§ TASK STATEMENT:
Your job is to copy the lines from the material that include "Bracket".

§ SUPPLIED MATERIAL:
++++++++++
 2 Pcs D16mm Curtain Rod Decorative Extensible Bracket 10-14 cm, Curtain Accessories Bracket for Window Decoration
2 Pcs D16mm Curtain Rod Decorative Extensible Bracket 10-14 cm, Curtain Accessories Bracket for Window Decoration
++++++++++
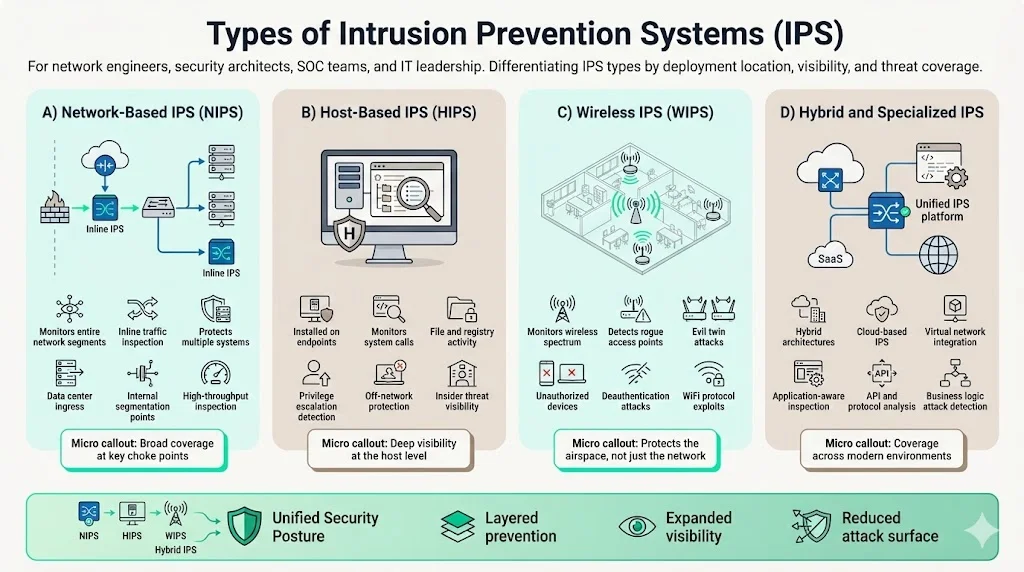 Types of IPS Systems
++++++++++
§ RESULT:
 2 Pcs D16mm Curtain Rod Decorative Extensible Bracket 10-14 cm, Curtain Accessories Bracket for Window Decoration
2 Pcs D16mm Curtain Rod Decorative Extensible Bracket 10-14 cm, Curtain Accessories Bracket for Window Decoration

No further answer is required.